I had kind of a strange experience today.

I was at the little food shop run by the Student Union today. I was busy using my debit card and the cashier (a female) who was helping me told the next customer “It will be quicker to go to the next cashier because I am still helping him (pointing at me).”

I thought this was weird but brushed it off. Then the debit machine was being weird, just took a long time. When it finally went through I mentioned that I was worried and the 2nd cashier (a male), not the one who was helping me, told me that it was their fault not mine. Then the woman standing beside me said “Oh ok, so we can yell at you (pointing to the cashier) and not him (pointing to me)”.

Now let me just say this, I don’t blame them for this slip up of gender pronouns. I am wearing a tie and my fedora today (yay for Necktie Tuesday).
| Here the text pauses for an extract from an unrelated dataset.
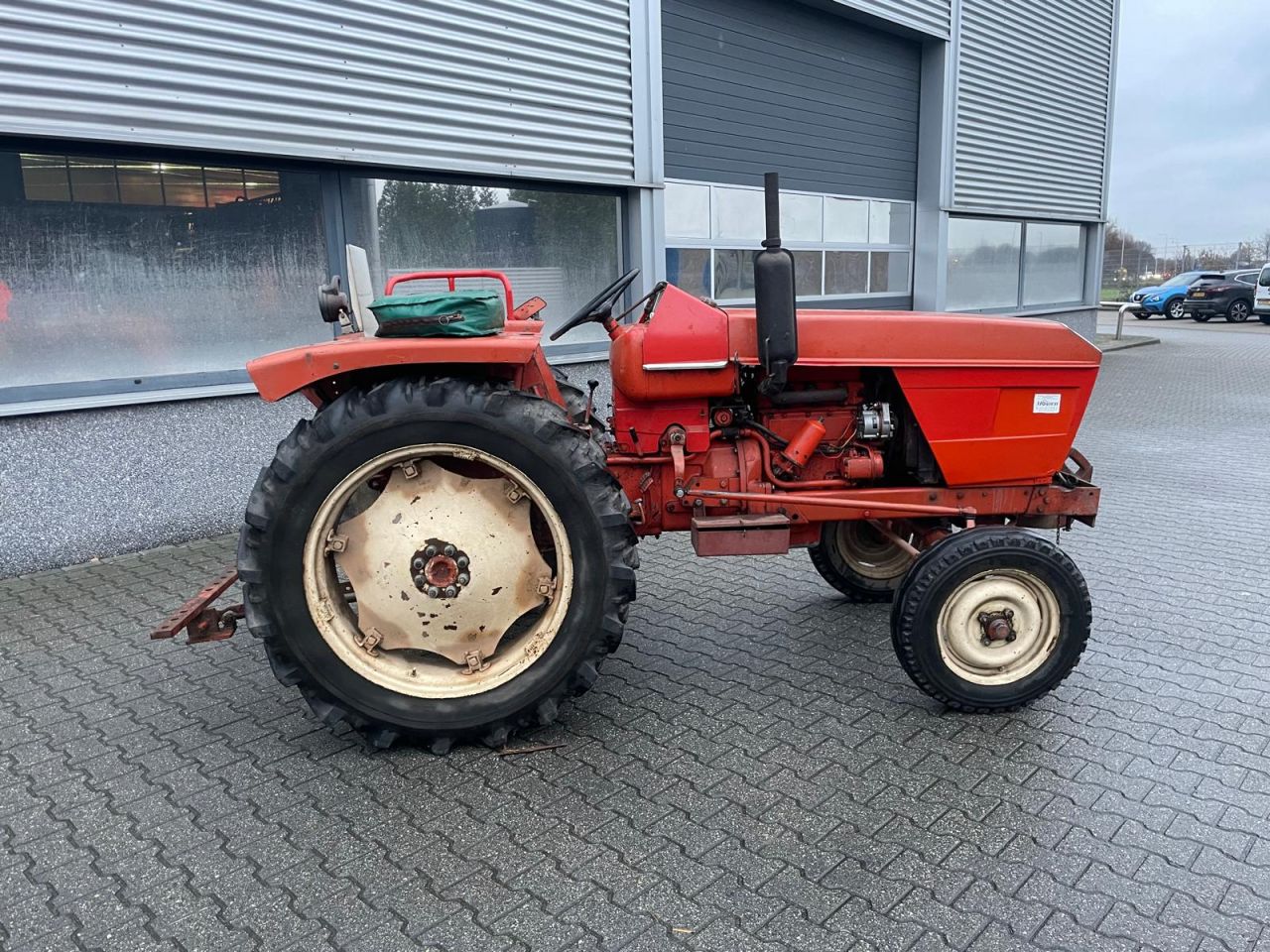 Renault 55 tractor met kenteken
Also I had a pea coat and a scarf on generally obstructing the shape of my chest. My voice was also a little more hoarse than usual as I have a bit of a cold. Overall I might seem more male than I usually would.

I did find it strange that they were both talking about me in 3rd person and that neither of them would look me in the eye. Almost as though I was different and separate, only the guy would look at me and talk to me. I’m not sure it was because everyone thought I was a man or that it was because everyone thought that I was trying to be a man.
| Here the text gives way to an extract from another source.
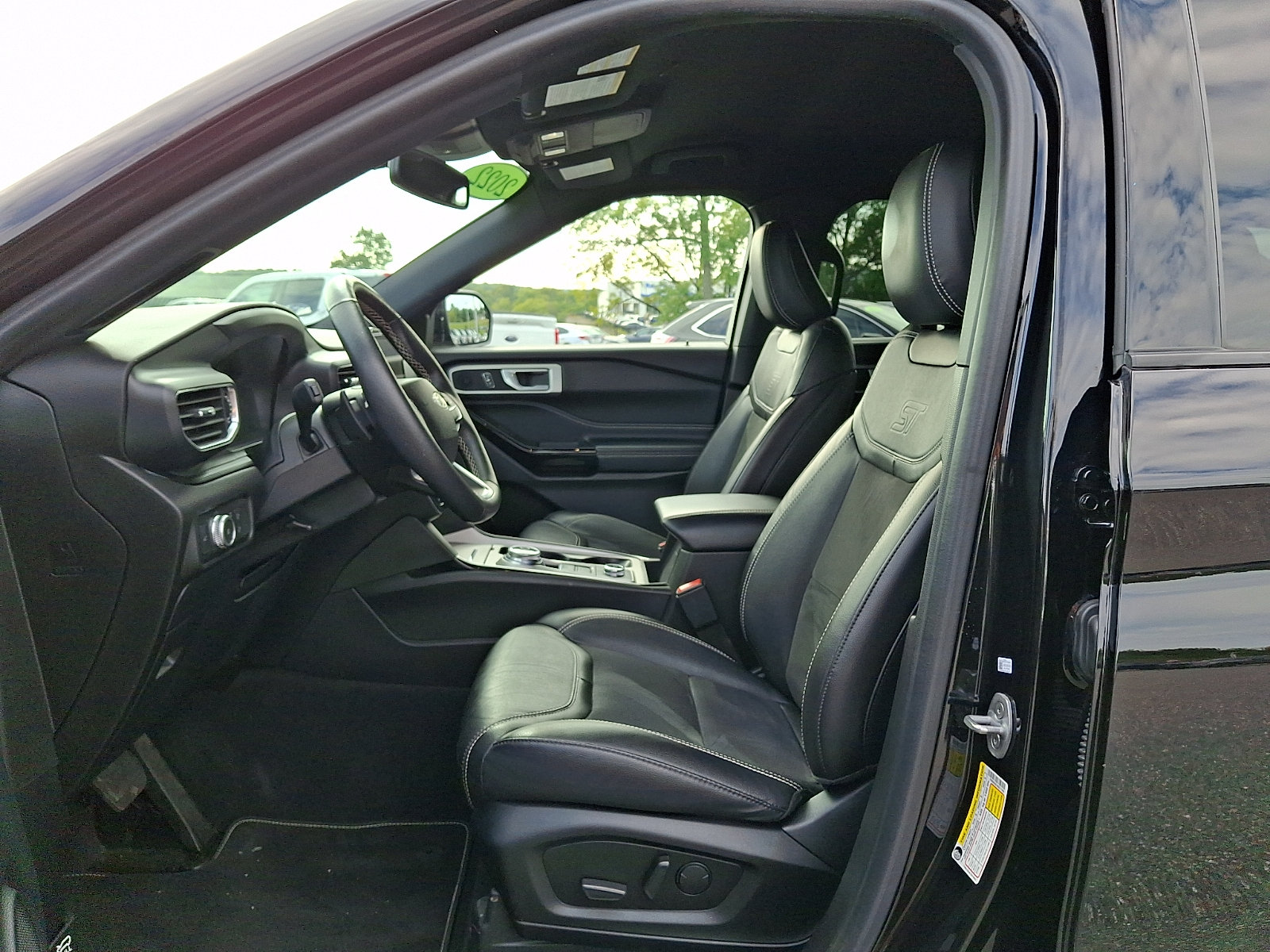 Certified 2022 Ford Explorer ST w/ ST Street Pack AWD/4WD image 14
More than anything this incident makes me mad because it just shows the pervasiveness of gender in our culture, right down to our very language. There are no pronouns for those of us who don’t “perform” gender “properly”, to use one of Judith Butler’s ideas (though not her wording). One must either be male or female or else you just end up sounding pretentious using words like ‘one’. I believe that our culture (and others) needs an actual unisex pronoun, instead of just using the masculine as such. By using ‘he’ as unisex it erases the femaleness of an object making it completely male.

This can be seen with adrogenous things, my favourite being the trickster Loki ‘he’ actually has both masculine and feminine aspect but by labling ‘him’ ‘him’ the maleness overcomes the femaleness. Thus ‘he’ loses an important aspect of ‘his’ character.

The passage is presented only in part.